TASK TO COMPLETE:
Every entry in the data that follows should come back exactly, pictures aside.

THE INPUT:
########
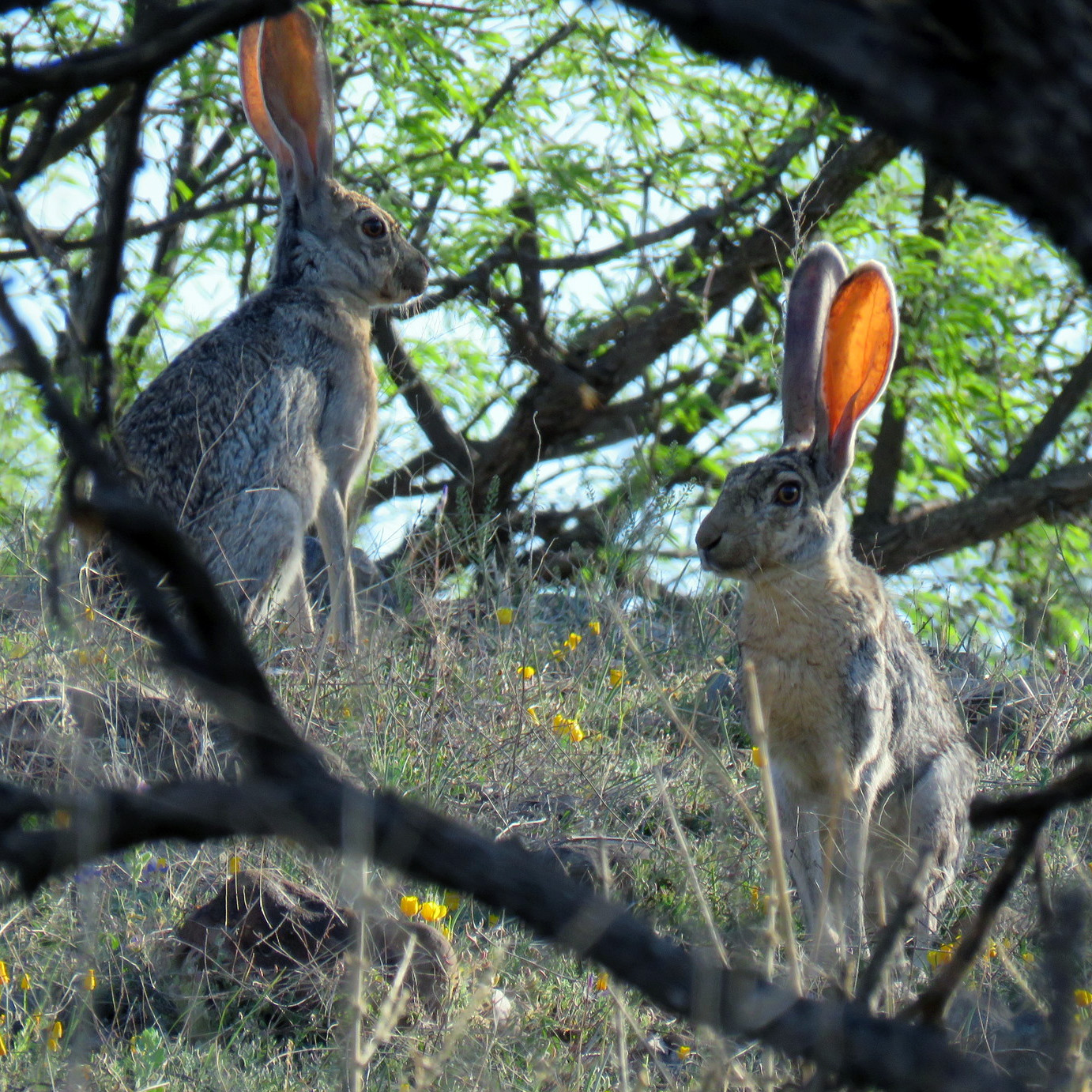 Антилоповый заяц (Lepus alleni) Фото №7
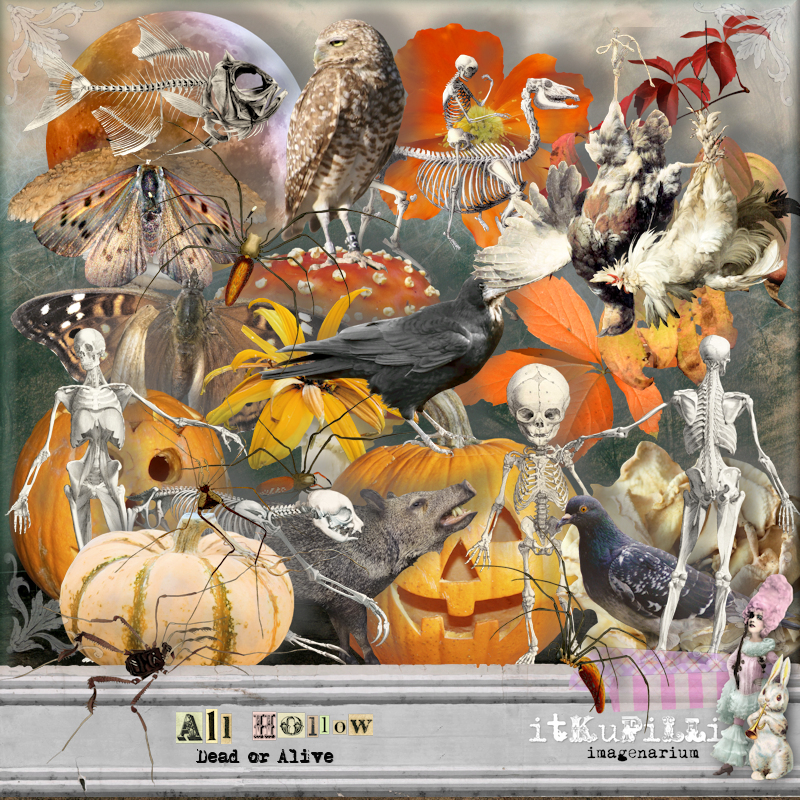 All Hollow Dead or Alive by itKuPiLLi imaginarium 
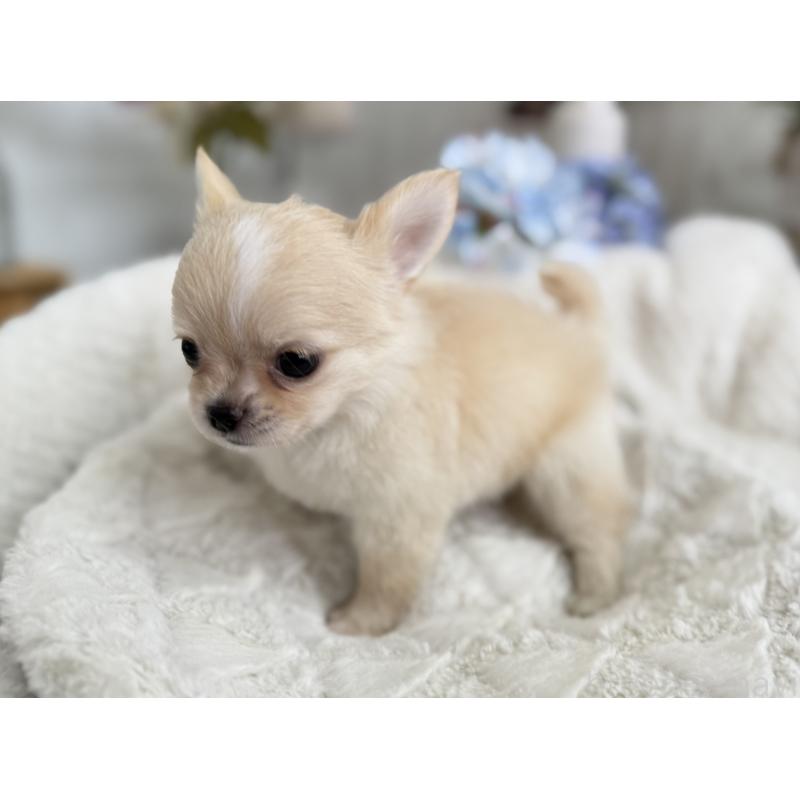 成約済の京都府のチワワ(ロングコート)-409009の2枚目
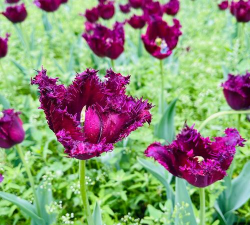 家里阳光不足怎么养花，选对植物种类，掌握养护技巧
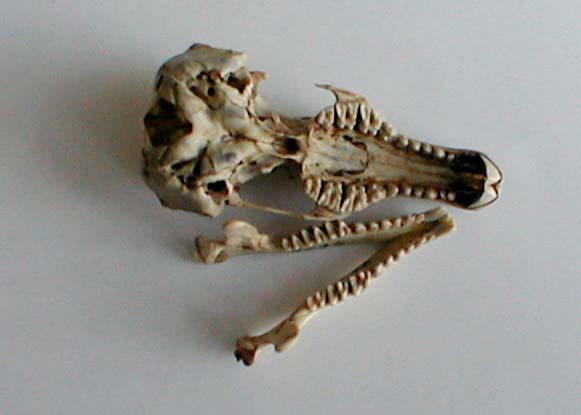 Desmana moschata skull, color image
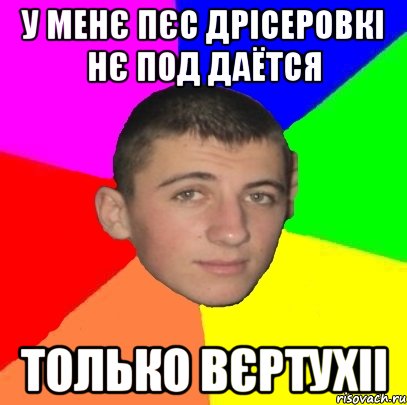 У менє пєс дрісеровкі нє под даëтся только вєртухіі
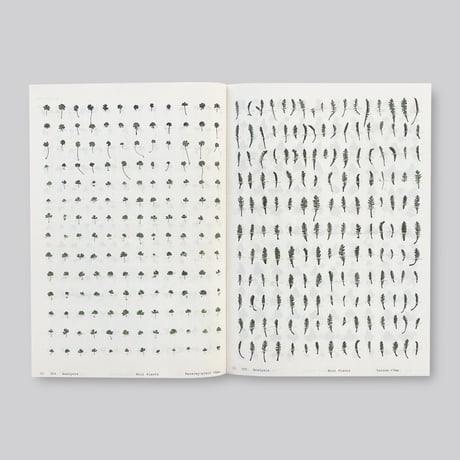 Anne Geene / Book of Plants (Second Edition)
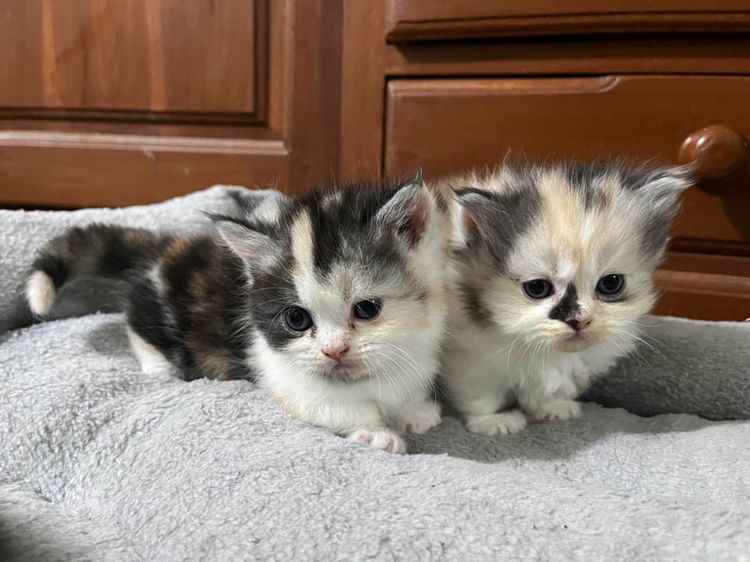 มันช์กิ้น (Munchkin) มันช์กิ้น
########
ANSWER SPACE:
 Антилоповый заяц (Lepus alleni) Фото №7
 All Hollow Dead or Alive by itKuPiLLi imaginarium 
 成約済の京都府のチワワ(ロングコート)-409009の2枚目
 家里阳光不足怎么养花，选对植物种类，掌握养护技巧
 Desmana moschata skull, color image
 У менє пєс дрісеровкі нє под даëтся только вєртухіі
 Anne Geene / Book of Plants (Second Edition)
 มันช์กิ้น (Munchkin) มันช์กิ้น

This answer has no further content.